In my testing, the results I am getting out of this query are on par with Bing Spell Search API v7 without paying a cent for such a service and without incurring the latency cost associated with running a spell checking service from the cloud.
Note on Misspelled vs Mistyped
The above solution works very well for searches where the misspelled word sounds like the original word, which is the case most of the time. However, if the misspelled word does not sound like the original word, then the logic of using SOUNDEX breaks.
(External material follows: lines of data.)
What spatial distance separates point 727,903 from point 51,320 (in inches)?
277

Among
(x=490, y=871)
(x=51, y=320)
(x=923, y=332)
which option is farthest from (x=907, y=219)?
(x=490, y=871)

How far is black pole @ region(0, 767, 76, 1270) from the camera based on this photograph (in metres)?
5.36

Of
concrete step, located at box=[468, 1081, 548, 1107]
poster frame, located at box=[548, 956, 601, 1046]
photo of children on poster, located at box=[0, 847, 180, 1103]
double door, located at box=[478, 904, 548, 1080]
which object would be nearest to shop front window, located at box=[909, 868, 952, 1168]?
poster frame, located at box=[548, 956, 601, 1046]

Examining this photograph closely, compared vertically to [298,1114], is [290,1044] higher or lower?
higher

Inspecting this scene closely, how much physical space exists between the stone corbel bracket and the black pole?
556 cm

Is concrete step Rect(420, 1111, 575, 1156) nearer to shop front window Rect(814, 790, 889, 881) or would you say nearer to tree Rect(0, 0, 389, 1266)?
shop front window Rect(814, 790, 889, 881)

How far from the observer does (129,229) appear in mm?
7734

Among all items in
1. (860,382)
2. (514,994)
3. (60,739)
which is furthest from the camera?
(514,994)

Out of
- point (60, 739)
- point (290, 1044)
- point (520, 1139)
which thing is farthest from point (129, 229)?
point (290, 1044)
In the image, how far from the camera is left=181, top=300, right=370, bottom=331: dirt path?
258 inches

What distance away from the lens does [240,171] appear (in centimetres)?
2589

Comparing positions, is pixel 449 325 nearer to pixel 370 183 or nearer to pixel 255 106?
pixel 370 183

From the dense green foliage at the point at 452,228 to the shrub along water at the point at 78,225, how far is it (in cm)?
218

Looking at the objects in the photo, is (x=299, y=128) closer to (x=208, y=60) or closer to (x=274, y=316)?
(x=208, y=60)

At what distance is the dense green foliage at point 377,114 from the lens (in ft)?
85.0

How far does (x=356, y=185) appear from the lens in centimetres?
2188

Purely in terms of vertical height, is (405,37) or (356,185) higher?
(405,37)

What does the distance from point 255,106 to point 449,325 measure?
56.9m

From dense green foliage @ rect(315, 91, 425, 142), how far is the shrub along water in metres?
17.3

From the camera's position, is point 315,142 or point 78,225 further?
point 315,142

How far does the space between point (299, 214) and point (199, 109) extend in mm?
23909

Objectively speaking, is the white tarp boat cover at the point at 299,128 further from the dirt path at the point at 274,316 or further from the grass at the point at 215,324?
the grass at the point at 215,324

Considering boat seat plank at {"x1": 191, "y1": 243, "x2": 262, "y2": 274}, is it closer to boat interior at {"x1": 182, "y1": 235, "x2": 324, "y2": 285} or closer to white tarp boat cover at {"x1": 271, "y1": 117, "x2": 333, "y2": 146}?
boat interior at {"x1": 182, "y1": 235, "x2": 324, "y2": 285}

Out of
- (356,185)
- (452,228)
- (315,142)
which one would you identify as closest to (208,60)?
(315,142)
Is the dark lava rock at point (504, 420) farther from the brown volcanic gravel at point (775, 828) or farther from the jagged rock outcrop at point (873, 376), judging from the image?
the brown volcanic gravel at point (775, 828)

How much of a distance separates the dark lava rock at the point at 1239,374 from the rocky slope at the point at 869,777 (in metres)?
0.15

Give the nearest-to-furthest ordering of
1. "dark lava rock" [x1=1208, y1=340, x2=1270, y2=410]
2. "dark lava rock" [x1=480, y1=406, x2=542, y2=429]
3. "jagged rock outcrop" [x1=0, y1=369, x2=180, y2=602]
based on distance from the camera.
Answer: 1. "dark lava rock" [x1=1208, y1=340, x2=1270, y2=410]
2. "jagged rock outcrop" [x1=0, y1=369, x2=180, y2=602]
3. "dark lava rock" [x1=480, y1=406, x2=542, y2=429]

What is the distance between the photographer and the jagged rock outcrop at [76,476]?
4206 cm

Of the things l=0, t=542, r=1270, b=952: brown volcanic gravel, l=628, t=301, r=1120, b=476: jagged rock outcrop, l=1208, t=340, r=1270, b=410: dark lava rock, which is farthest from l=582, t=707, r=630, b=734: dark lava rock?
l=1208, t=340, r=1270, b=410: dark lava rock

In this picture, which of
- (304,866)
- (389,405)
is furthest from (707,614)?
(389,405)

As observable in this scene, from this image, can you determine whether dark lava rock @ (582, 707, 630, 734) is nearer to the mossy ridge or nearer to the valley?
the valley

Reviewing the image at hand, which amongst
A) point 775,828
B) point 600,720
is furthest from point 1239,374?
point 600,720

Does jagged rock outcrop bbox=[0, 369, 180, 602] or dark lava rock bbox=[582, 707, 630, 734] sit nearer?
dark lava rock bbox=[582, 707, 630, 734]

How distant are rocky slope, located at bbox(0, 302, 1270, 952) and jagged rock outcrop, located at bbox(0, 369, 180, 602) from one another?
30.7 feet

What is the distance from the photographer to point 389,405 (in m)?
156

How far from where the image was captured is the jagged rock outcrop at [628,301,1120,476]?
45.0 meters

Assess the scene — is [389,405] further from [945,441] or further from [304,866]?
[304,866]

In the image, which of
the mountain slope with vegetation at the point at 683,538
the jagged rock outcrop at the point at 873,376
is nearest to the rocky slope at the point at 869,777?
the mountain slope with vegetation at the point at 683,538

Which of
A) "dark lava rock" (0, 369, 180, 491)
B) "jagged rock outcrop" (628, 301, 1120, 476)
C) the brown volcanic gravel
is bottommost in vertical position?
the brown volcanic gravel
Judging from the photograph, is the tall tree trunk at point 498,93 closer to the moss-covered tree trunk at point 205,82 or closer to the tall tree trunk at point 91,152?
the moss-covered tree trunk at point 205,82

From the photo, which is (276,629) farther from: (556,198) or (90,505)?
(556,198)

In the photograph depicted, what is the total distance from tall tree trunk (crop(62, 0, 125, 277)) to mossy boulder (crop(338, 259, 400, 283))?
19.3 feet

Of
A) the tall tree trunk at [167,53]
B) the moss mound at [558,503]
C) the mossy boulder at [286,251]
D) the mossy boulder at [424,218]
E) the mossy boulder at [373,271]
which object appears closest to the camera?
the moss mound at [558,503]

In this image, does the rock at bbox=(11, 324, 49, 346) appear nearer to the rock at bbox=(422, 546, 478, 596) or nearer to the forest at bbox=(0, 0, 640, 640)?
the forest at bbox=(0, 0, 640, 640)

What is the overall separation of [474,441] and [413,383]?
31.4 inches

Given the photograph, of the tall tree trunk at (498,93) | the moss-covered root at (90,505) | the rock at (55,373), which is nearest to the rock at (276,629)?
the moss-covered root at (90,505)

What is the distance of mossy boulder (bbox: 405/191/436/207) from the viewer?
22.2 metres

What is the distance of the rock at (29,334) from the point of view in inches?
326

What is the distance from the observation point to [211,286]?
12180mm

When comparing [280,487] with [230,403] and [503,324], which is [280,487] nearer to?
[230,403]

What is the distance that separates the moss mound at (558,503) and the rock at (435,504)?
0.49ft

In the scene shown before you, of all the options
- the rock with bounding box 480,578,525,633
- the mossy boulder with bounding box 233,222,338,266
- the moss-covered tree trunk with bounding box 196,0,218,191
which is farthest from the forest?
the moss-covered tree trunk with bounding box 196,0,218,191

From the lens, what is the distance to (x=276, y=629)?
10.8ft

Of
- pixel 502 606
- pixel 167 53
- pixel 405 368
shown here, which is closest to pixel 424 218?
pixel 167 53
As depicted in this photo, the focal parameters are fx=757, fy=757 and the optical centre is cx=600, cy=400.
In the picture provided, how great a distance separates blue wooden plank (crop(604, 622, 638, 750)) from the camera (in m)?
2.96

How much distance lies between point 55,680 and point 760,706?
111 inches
So for example, if we’re searching for ‘assistance’ by looking up ‘qssistance’ it no longer sounds like the original word and SOUNDEX becomes mostly useless. Even though not many people actually do that type of mistake, it’s possible to mistype the word this way, as Q is very close to A on the physical keyboard. To fix such an issue, one could still rely purely on Levenshtein which would get the job done, albeit it’d be a lot slower. In order to speed it up, you’d need to create a separate column in which you’d start capturing the misspelled combinations for each word in your database and always look up existing ‘captured’ combinations prior to an actual search, to make repeating future searches a bit faster.